Frank Verpillat (born in 1946 in Lyon, France, died 10 October 2010) was a French director, inventor and artist. In 1981 he conceived the prototype for the first operational virtual film editing machine in the world and conducted extensive research leading and development in the fabrication and manipulation of 3D images.

==Training==
He is an ex-student of ENSAM. In 1980, he was awarder the Prix de Rome of Cinema (Villa Médicis Hors les Murs).

==Filmography==
- Cinema
Beginning as a programmer and manager in Parisian cinema theatres (the Ranelagh in 1970, the Studio des Acacias), he then moved into distribution and production, working as assistant director and head of production. He directed 4 fiction shorts and one medium-length film (Ève avait l'éclat métallique de l'été in 1979), and the first full-length feature shot on video, with Michael Lonsdale and Daniel Mesguich, musical score by Michel Fano. He was then co-author, along with Alain Robbe-Grillet, of the adaptation of La Belle captive in 1983.

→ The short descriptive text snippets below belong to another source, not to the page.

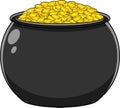 Cartoon St. Patrick Day Pot Full Of Gold Coins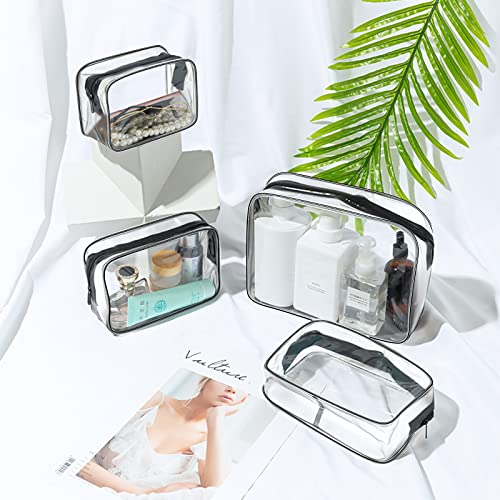 Aucuu Kulturtasche Transparent,4 Stück Kosmetiktasche Durchsichtig, wasserdichte PVC-Reise-Waschtaschen, TSA-zugelassene Make-up-Taschen, für Familie, Männer un Frauen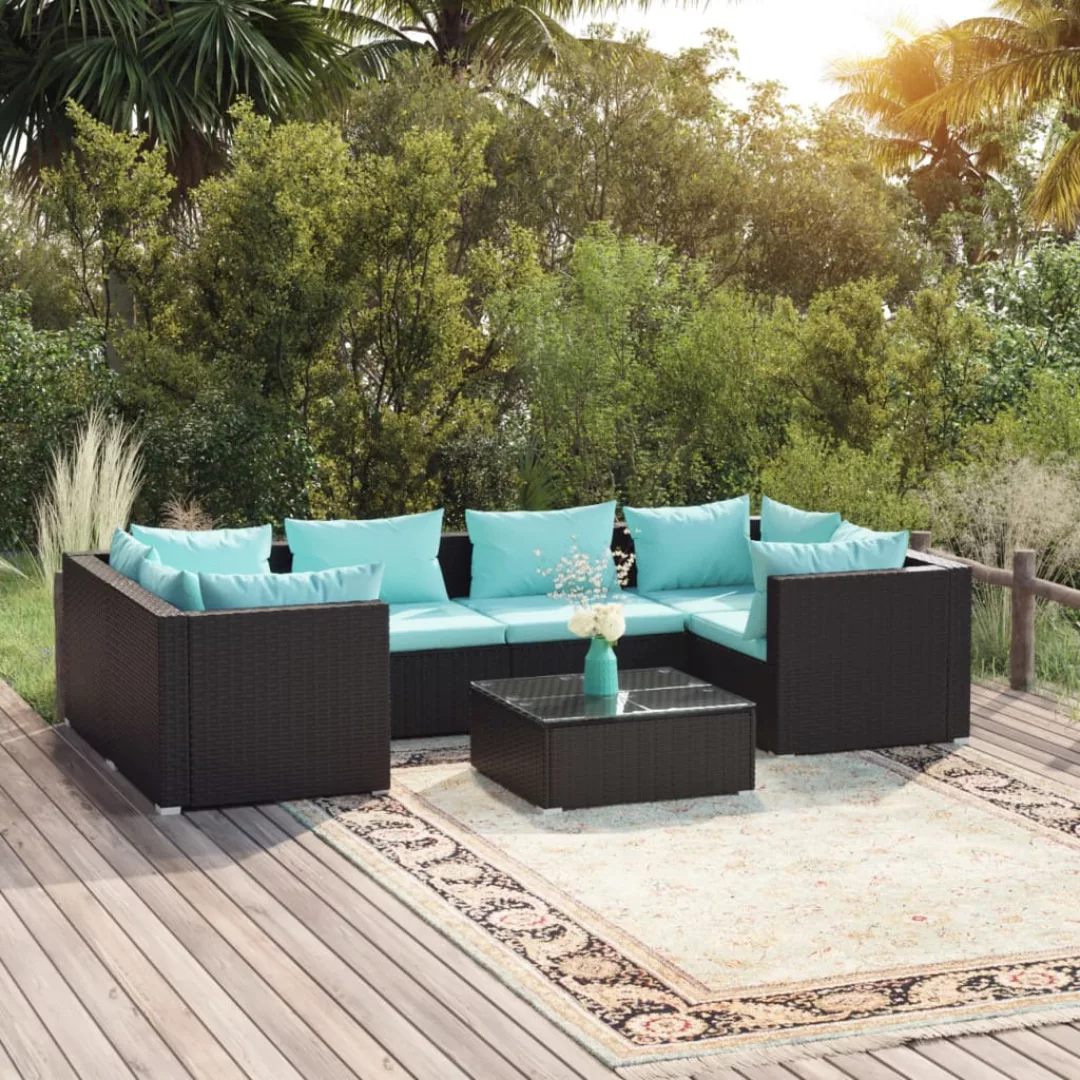 Vidaxl 7-tlg. Garten-lounge-set Mit Kissen Poly Rattan Schwarz günstig online kaufen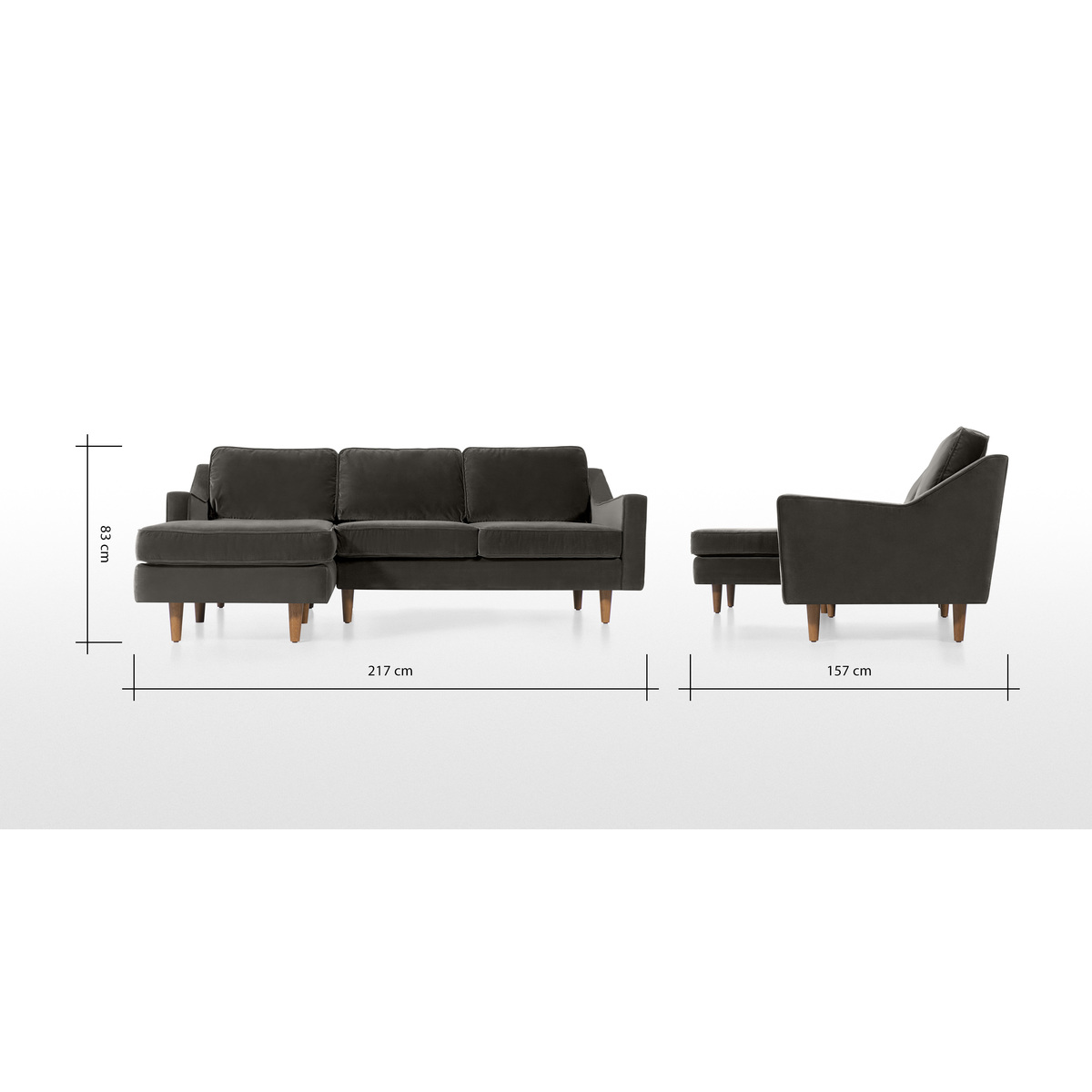 Dallas Left Hand Facing Chaise End Corner Sofa, Concrete Cotton Velvet – image 8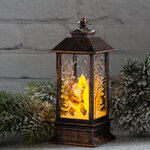 Новогодний фонарик со свечой Сказки зимнего Леса 13 см винтажно-медный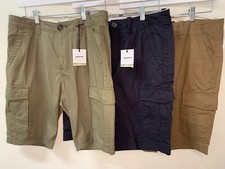 NEXT Mens 100% Cotton Cargo Shorts 3 Colours Sizes 30-40"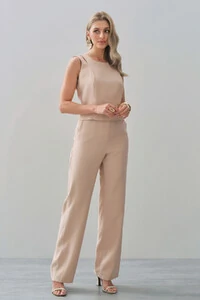 Conjunto de Blusa Regata Crop Ombro Cut Out Recorte e Calça Reta Botão Forrado
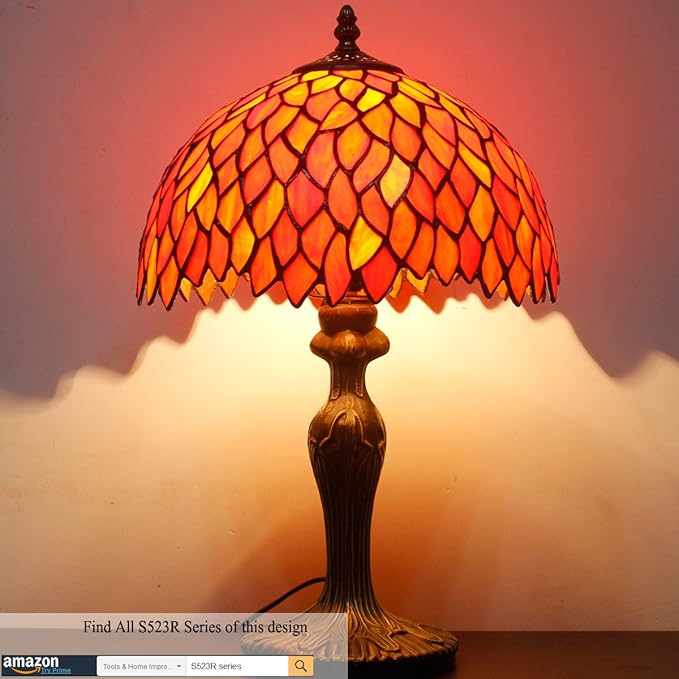 WERFACTORY Tiffany Lamp Stained Glass Table Lamp Red Wisteria Style Desk Bedside Reading Light 12X12X18 Inches Deco Bedroom Living Room Home Office S523R Series (A)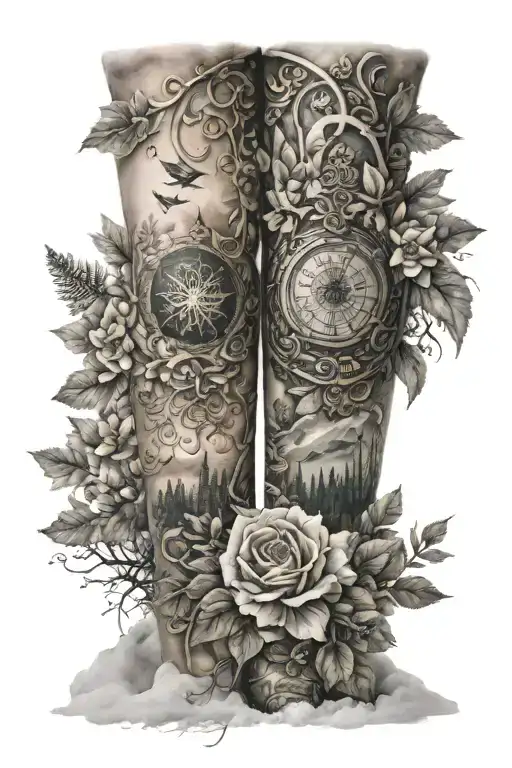 Summer and Winter leg tattoo tattoo design idea
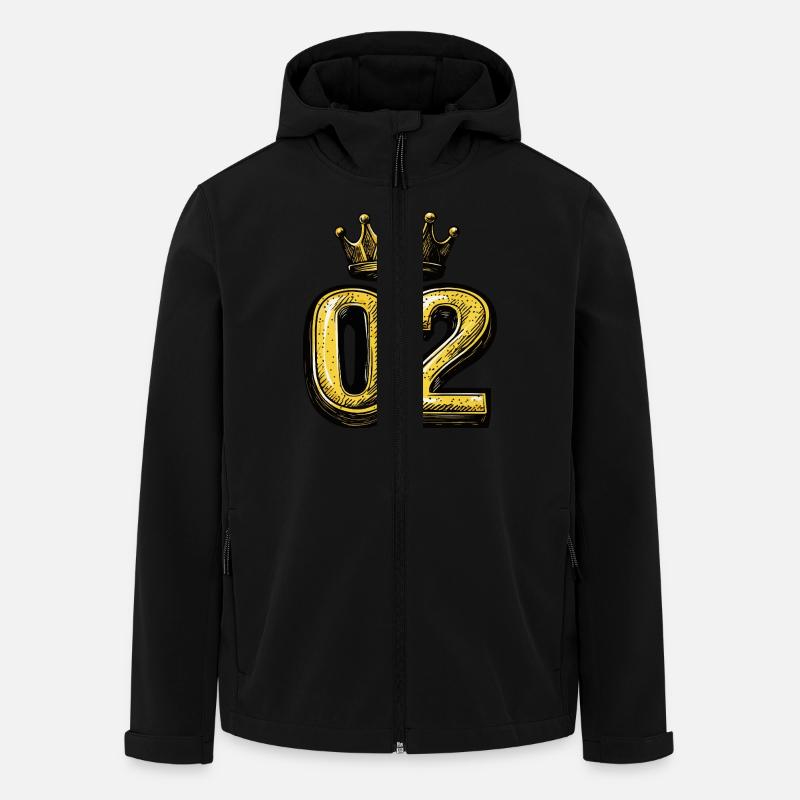 Couronne à 2 chiffres - Veste softshell homme en polyester recyclé Stanley/Stella - noir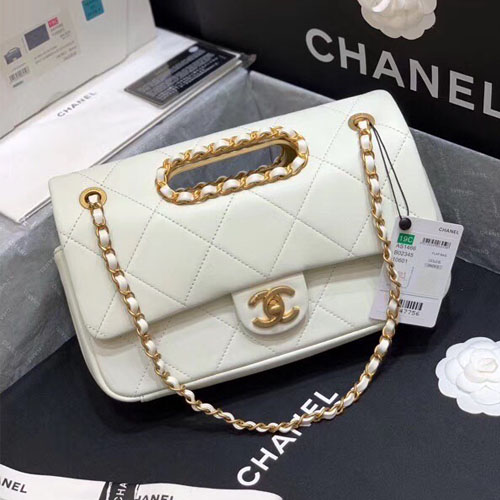 샤넬 스몰 플랩백 AS1466 램스킨 화이트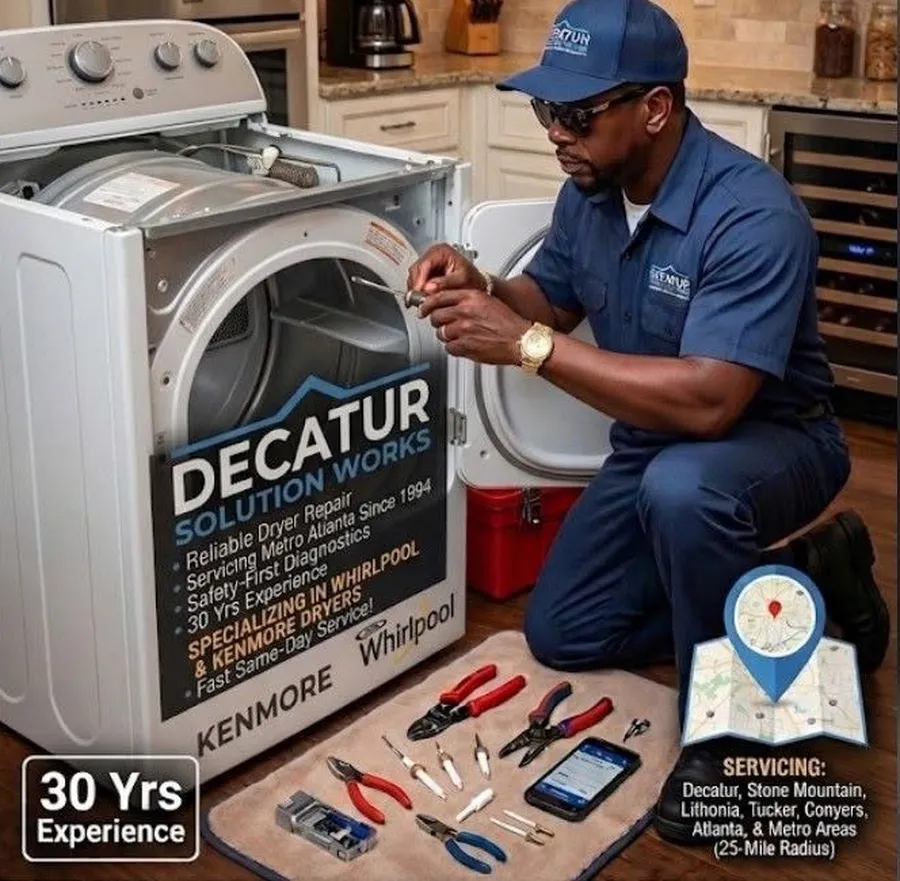 Dryer repair near me - Decatur Solution Works technician repairing a Whirlpool dryer that is not heating in Decatur GA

In France and in the USA he produced or co-produced seven full-length features (including La meilleure façon de marcher by Claude Miller, and Alain Robbe-Grillet's Le Jeu avec le feu) as well a dozen fiction shorts.

Co-founder of the Filmoblic corporation in 1974 (with Pierre-Henri Deleau, Jean-François Dion, Hubert Niogret and Hugo Santiago), he was founder of the corporation "French 75" in Hollywood, in 1975. In 1977 he was nominated for the César Award in the category "Best Fiction Short Film" for the film La Nuit du beau marin peut-être (1976).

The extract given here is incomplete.